What is being asked: In the entries below, begin at the line that has "The change in", stop after the line that has "Tony waits for", and output those lines exactly with no pictures.

Exercise data:
....

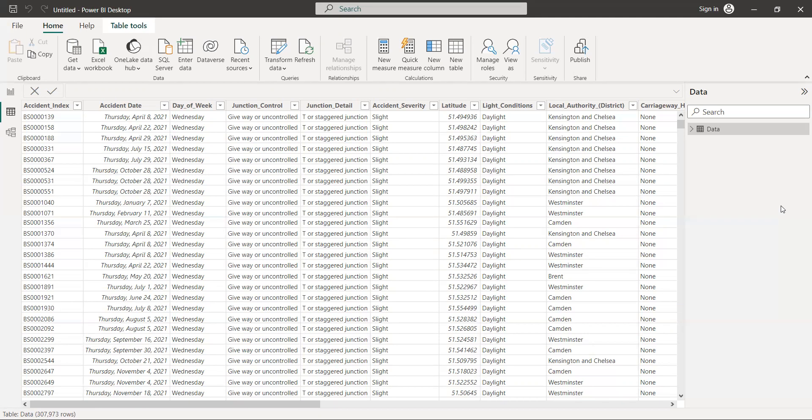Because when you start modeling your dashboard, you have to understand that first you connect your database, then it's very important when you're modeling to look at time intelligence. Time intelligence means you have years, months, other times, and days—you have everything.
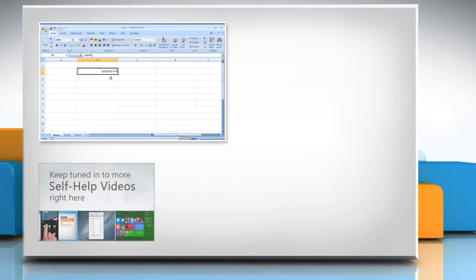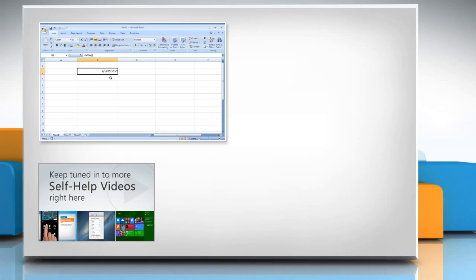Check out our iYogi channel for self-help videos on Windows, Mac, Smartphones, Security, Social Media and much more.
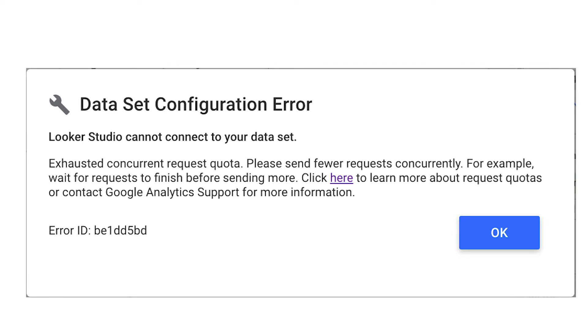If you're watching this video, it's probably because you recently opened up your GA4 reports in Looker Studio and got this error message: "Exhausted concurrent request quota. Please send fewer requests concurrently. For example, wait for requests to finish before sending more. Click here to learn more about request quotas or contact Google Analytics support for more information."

....

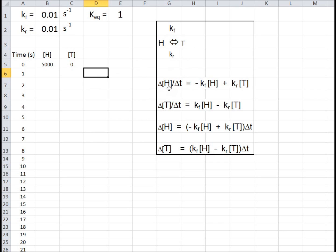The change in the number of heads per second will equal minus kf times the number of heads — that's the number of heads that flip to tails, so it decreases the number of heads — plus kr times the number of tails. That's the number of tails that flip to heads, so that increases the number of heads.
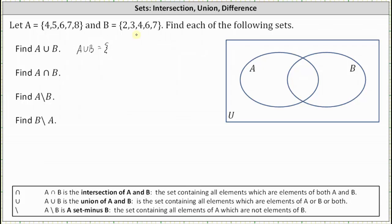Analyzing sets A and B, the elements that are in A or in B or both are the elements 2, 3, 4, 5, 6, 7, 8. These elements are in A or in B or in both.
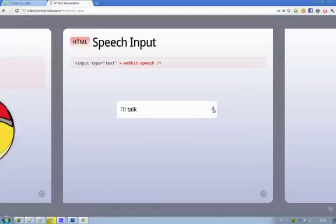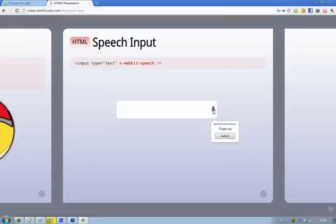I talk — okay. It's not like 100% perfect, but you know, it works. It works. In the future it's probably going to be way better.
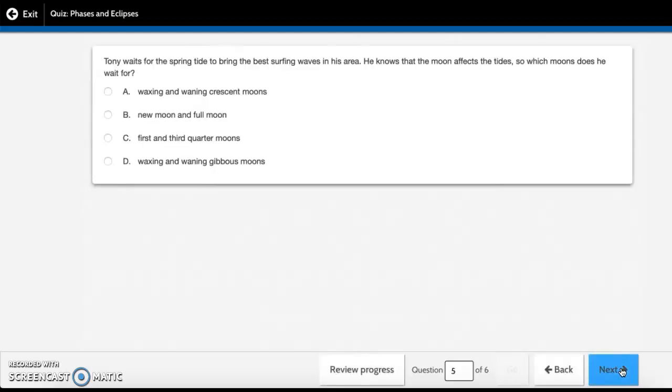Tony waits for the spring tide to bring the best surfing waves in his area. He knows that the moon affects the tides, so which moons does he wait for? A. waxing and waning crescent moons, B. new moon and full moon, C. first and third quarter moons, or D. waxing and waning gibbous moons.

....

Task response:
The change in the number of heads per second will equal minus kf times the number of heads — that's the number of heads that flip to tails, so it decreases the number of heads — plus kr times the number of tails. That's the number of tails that flip to heads, so that increases the number of heads.
Analyzing sets A and B, the elements that are in A or in B or both are the elements 2, 3, 4, 5, 6, 7, 8. These elements are in A or in B or in both.
I talk — okay. It's not like 100% perfect, but you know, it works. It works. In the future it's probably going to be way better.
Tony waits for the spring tide to bring the best surfing waves in his area. He knows that the moon affects the tides, so which moons does he wait for? A. waxing and waning crescent moons, B. new moon and full moon, C. first and third quarter moons, or D. waxing and waning gibbous moons.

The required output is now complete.